【日独伊三国軍事同盟】(にちどくいさんごくぐんじどうめい)

1940年9月27日にドイツ、ベルリンで調印された日独伊間の軍事同盟。

当初、1937年に結ばれた「日独伊三国防共協定」を強化すべく、第一次近衛内閣末期に交渉が始まったが、1939年8月に独ソ不可侵条約が突然締結された*1ことにより、交渉は一時中断された。

しかし、その後に対米英関係の悪化や欧州における独軍の圧倒的優勢を背景にし、交渉再開の機運が台頭。
1940年9月に交渉は再開され、9月24日にドイツのスターマー大使と時の外相松岡洋右との間で全面的合意を見ることとなった。

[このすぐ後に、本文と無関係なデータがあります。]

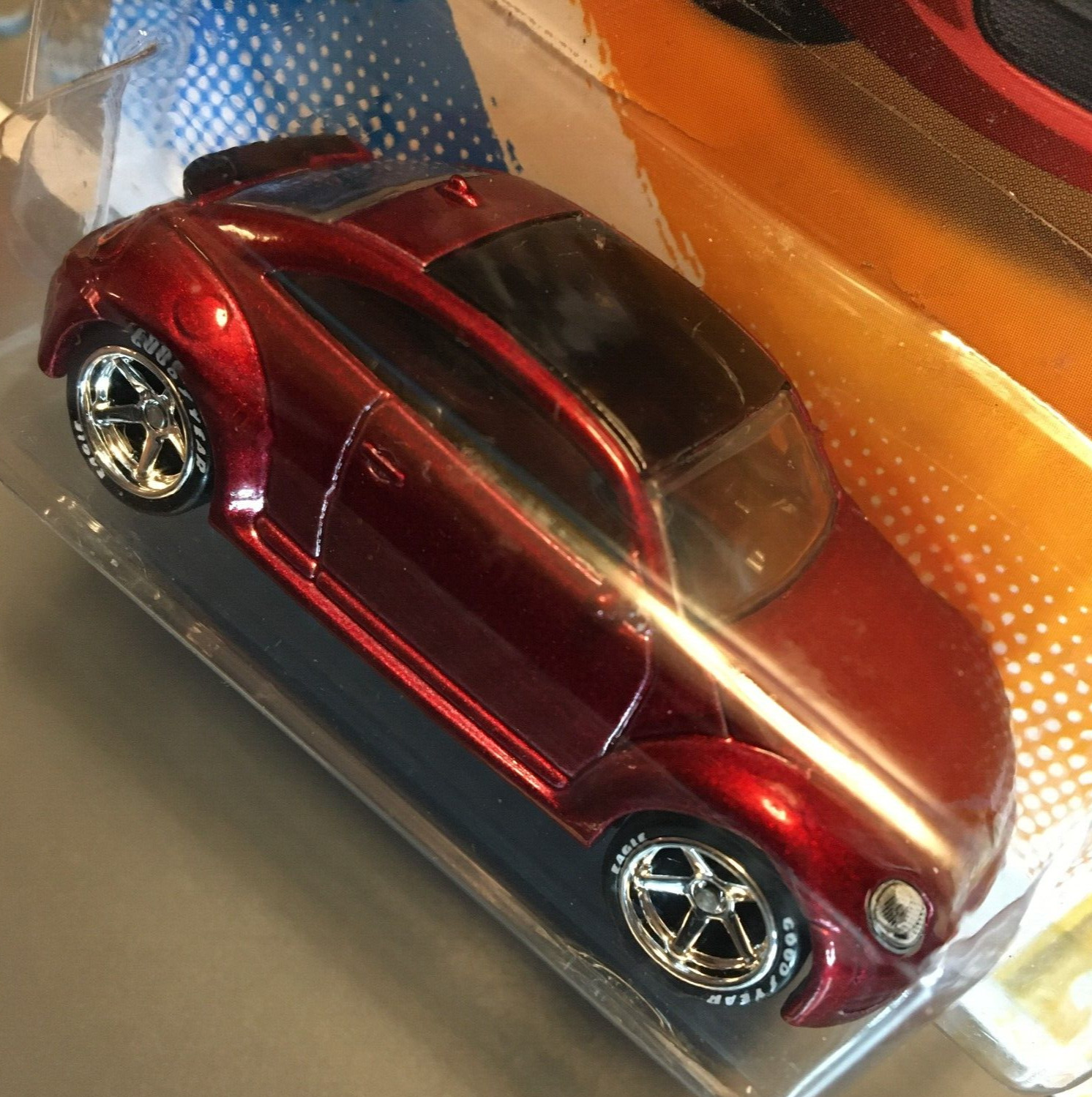Hot Wheels 2012 New Models Volkswagen Beetle Red Super CUSTOM  Wheel Swap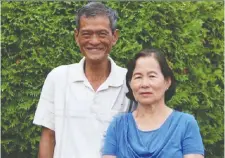  ??  ?? Siyeng Iv, seen with his wife, Sovannara, became a Canadian citizen just two days before he was killed in a boating collision in 2019. He was 56.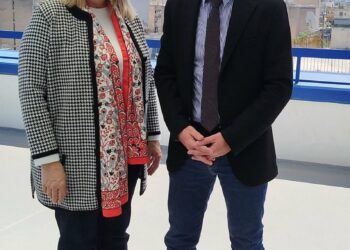 Συνάντηση Λ. Δημητρογιάννη με την πρόεδρο του ΕΛ.ΙΝ.Υ.Α.Ε.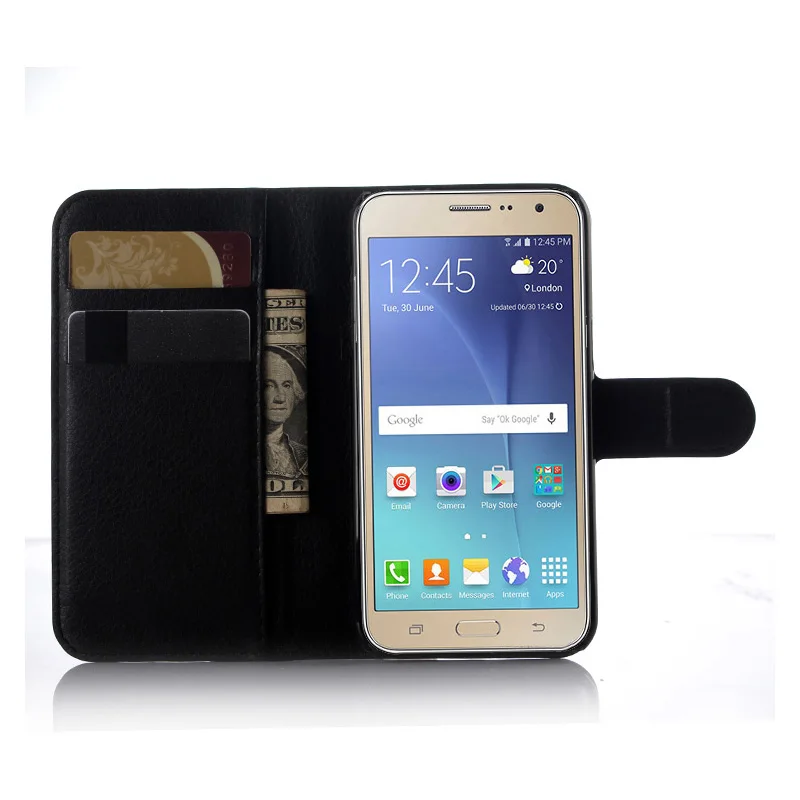 Роскошный флип чехол из искусственной кожи для Samsung Galaxy J3 2016 6 J320 J320F SM Защитный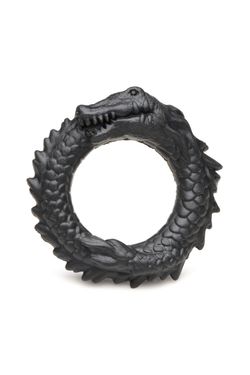 XR Brands - Black Caiman Silicone Cock Ring - Black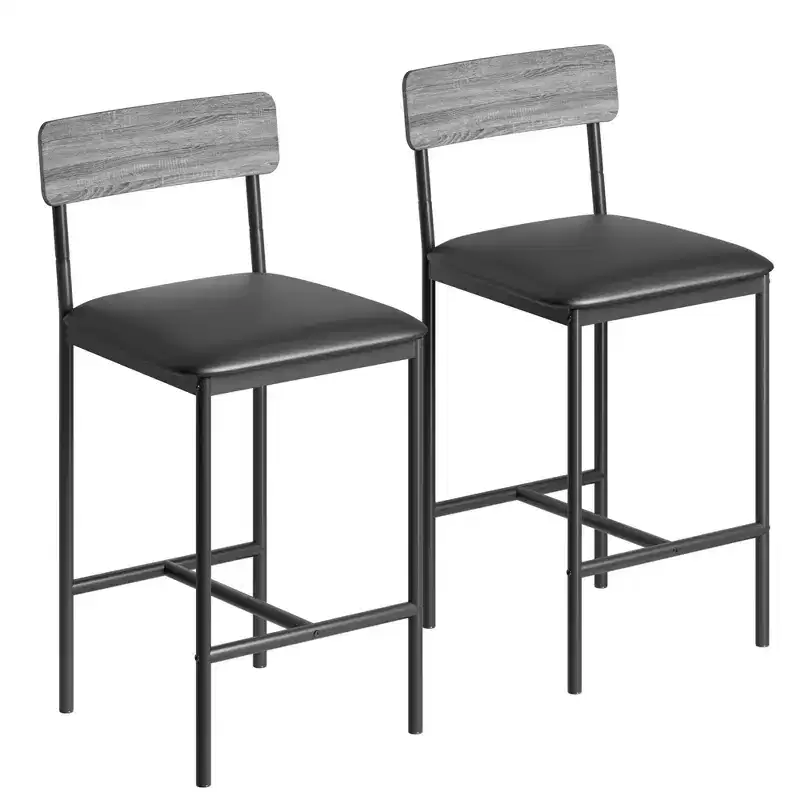 Kitchen Table Set Dining Table and Chairs for 2 with Storage Shelf and Upholstered Chairs, Bar Dining Table Set for Small Spaces Apartment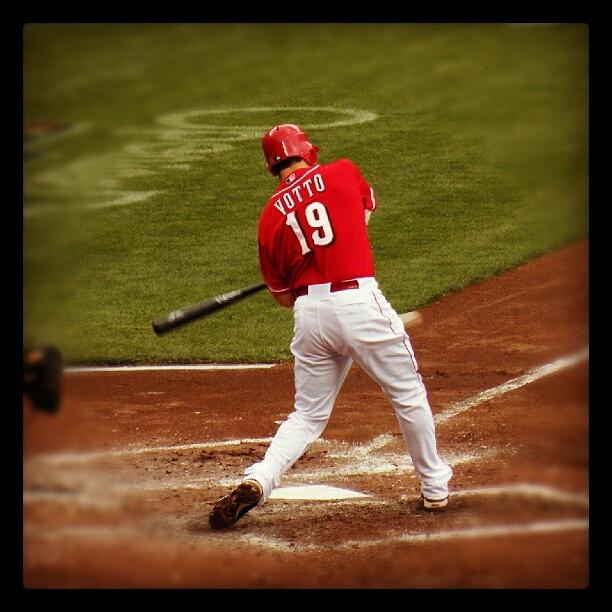 Joey Votto Photograph - Joey Votto  by Reds Pics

その後、1943年にイタリアが降伏して連合国側陣営として再参戦。
これを受けて、同盟にはドイツの傀儡政権「イタリア社会共和国」が加えられたが、1945年4月にはイタリア社会共和国が解体、翌5月にはドイツも降伏して、この同盟関係は崩壊することになった。

条約の内容

前文
大日本帝国政府、独逸国政府及伊太利国政府ハ万邦ヲシテ各其ノ所ヲ得シムルヲ以テ恒久平和ノ先決要件ナリト認メタルニ依リ大東亜及欧州ノ地域ニ於テ各其ノ地域ニ於ケル当該民族ノ共存共栄ノ実ヲ挙ケルニ足ルヘキ新秩序ヲ建設シ且之ヲ維持センコトヲ根本義卜為シ右地域ニ於テ此ノ趣旨ニ拠ル努力ニ付相互ニ提携シ且協力スルコトニ決意セリ而シテ三国政府ハ更ニ世界到ル所ニ於テ同様ノ努力ヲ為サントスル諸国ニ対シ協力ヲ吝マサルモノニシテ斯クシテ世界平和ニ対スル三国終局ノ抱負ヲ実現セソコトヲ欲ス依テ日本国政府独逸国政府及伊太利国政府ハ左ノ通協定セリ
第1条
日本国ハ独逸国及伊太利国ノ欧州ニ於ケル新秩序建設ニ関シ指導的地位ヲ認メ且之ヲ尊重ス
第2条
独逸国及伊太利国ハ日本国ノ大東亜ニ於ケル新秩序建設ニ関シ指導的地位ヲ認メ且之ヲ尊重ス
第3条
日本国、独逸国及伊太利国ハ前記ノ方針ニ基ク努力ニ付相互ニ協力スへキコトヲ約ス更ニ締結中何レカノ一国カ現ニ欧州戦争又ハ日支紛争ニ参入シ居ラサル一国ニ依テ攻撃セラレタルトキハ三国ハ有ラユル政治的、経済的及軍事的方法ニ依り相互ニ援助スヘキコトヲ約ス
第4条
本条約実施ノ為各日本国政府、独逸国政府及伊太利国政府ニ依り任命セラルヘキ委員ヨリ成ル混合専門委員会ハ遅滞ナク開催セラルへキモノトス
第5条
日本国、独逸国及伊太利国ハ前記諸条項力三締約国ノ各ト「ソヴィエト」聯邦トノ間ニ現存スル政治的状態ニ何等ノ影響ヲモ及ホササルモノナルコトヲ確認ス
第6条
本条約ハ署名卜同時ニ実施セラルヘク実施ノ日ヨリ十年間有効トス右期間満了前適当ナル時期ニ於テ締結国中ノ一国ノ要求ニ基キ締約国ハ本条約ノ更新ニ関シ協議スヘシ

上記のとおり、内容は欧州及びアジアにおける「新秩序建設」に関しては独伊及び日本は「指導的地位」を認め合うこと、また日中戦争支那事変?)およびヨーロッパにおける戦争に参加していない第三国の攻撃に対しては、あらゆる政治的、経済的及び軍事的方法によって相互に援助をすることを誓約する、純然たる軍事同盟だった。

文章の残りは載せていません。